▶ [Directions for this task]
Each line from the one containing "SHEIN EZwear Plus" through the last line of the material below is to be transcribed exactly, with nothing else included.

▶ [Stored data]

[Start of section]

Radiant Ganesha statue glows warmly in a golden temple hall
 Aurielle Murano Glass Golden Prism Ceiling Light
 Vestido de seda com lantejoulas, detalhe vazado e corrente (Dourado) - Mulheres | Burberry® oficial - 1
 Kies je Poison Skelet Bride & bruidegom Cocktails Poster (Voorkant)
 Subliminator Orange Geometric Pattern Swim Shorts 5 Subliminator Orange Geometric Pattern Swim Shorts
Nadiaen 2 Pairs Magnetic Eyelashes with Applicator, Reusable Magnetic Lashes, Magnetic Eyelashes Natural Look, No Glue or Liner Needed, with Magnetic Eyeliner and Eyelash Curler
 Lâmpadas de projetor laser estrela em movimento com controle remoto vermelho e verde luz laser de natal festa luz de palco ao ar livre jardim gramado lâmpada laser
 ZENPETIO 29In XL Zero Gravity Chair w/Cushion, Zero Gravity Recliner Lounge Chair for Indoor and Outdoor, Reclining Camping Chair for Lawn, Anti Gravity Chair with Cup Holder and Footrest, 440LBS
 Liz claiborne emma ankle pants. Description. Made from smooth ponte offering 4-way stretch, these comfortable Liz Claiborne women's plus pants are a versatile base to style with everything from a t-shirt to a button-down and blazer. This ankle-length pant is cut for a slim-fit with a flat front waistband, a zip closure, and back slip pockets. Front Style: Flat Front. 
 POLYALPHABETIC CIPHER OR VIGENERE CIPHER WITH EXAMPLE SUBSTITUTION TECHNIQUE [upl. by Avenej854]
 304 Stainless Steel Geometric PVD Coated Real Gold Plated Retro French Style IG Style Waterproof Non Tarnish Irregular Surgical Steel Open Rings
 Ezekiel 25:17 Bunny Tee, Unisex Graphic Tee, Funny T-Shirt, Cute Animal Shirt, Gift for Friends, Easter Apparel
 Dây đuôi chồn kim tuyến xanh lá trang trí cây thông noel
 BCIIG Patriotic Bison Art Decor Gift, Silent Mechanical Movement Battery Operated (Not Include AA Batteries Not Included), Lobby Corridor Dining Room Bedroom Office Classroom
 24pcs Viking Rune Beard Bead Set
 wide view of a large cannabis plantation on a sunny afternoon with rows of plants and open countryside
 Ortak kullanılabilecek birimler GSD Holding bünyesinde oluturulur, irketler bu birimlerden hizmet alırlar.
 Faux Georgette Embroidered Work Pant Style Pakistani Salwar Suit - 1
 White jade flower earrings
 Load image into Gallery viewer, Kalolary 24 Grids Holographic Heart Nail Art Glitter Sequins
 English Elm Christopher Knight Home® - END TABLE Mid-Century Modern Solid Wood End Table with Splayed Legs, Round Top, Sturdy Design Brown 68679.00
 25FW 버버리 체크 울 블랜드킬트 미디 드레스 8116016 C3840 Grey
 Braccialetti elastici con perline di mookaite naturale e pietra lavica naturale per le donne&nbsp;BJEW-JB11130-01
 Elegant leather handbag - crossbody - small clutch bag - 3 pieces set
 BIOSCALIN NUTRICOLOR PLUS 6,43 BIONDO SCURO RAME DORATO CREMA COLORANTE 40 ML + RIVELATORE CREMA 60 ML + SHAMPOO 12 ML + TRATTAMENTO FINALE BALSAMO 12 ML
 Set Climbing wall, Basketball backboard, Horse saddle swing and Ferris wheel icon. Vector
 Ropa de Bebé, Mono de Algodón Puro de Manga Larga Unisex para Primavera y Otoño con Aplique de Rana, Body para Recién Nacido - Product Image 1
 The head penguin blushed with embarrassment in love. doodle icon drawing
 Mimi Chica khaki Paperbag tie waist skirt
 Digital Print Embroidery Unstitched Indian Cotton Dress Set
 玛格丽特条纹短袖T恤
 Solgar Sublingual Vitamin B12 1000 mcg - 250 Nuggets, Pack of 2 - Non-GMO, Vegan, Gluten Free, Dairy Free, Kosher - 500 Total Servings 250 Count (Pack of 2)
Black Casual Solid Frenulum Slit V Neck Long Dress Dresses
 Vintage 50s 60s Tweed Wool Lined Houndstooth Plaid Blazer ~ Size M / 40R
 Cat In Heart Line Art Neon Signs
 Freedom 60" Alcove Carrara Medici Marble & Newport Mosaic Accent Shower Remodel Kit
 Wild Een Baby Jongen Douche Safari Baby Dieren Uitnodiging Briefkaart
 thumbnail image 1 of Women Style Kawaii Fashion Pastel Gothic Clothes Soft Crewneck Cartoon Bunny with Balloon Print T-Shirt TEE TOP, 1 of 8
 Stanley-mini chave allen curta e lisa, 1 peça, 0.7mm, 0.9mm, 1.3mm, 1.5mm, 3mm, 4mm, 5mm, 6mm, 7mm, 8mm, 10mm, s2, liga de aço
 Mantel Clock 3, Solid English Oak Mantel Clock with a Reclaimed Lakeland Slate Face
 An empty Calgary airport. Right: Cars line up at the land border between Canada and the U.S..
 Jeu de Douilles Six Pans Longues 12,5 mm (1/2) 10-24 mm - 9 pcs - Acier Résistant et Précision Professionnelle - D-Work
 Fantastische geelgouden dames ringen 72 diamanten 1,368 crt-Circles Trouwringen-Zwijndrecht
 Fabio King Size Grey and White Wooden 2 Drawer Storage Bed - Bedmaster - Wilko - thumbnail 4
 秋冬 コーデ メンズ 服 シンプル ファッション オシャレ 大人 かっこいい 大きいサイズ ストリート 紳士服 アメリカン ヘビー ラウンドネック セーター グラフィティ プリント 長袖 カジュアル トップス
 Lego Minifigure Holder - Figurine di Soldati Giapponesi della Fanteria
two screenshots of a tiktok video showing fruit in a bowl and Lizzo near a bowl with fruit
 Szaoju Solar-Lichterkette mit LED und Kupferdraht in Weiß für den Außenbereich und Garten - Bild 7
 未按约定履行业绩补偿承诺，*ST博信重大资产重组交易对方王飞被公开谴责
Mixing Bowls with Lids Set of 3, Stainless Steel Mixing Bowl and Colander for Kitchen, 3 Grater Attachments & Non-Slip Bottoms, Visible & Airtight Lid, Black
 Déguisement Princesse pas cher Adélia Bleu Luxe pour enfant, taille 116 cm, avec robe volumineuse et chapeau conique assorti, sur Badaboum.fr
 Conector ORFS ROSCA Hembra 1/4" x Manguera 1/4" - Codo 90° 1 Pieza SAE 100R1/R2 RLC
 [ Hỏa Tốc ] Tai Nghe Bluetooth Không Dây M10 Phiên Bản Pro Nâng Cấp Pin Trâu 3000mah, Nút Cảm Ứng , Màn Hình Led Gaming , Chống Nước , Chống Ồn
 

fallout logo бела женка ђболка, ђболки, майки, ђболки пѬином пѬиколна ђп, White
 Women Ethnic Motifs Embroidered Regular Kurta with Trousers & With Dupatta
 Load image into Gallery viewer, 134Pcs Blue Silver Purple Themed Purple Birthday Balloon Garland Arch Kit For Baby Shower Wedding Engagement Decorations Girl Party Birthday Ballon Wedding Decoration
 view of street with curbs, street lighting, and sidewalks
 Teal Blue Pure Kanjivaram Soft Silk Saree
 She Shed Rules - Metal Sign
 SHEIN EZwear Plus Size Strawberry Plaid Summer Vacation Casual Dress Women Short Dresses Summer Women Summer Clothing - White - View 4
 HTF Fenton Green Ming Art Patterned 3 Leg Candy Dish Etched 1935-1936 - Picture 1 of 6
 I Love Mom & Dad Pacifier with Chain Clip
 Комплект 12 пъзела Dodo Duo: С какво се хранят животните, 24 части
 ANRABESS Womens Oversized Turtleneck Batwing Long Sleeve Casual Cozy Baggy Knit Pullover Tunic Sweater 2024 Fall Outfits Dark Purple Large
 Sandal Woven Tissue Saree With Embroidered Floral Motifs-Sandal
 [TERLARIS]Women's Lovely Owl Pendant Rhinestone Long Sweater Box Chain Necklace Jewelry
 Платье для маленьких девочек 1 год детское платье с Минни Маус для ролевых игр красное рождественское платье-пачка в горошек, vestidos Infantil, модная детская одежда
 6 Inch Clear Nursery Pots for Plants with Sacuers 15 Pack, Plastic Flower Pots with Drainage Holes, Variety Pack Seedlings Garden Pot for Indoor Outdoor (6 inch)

[End of section]

▶ [Task output]
 SHEIN EZwear Plus Size Strawberry Plaid Summer Vacation Casual Dress Women Short Dresses Summer Women Summer Clothing - White - View 4
 HTF Fenton Green Ming Art Patterned 3 Leg Candy Dish Etched 1935-1936 - Picture 1 of 6
 I Love Mom & Dad Pacifier with Chain Clip
 Комплект 12 пъзела Dodo Duo: С какво се хранят животните, 24 части
 ANRABESS Womens Oversized Turtleneck Batwing Long Sleeve Casual Cozy Baggy Knit Pullover Tunic Sweater 2024 Fall Outfits Dark Purple Large
 Sandal Woven Tissue Saree With Embroidered Floral Motifs-Sandal
 [TERLARIS]Women's Lovely Owl Pendant Rhinestone Long Sweater Box Chain Necklace Jewelry
 Платье для маленьких девочек 1 год детское платье с Минни Маус для ролевых игр красное рождественское платье-пачка в горошек, vestidos Infantil, модная детская одежда
 6 Inch Clear Nursery Pots for Plants with Sacuers 15 Pack, Plastic Flower Pots with Drainage Holes, Variety Pack Seedlings Garden Pot for Indoor Outdoor (6 inch)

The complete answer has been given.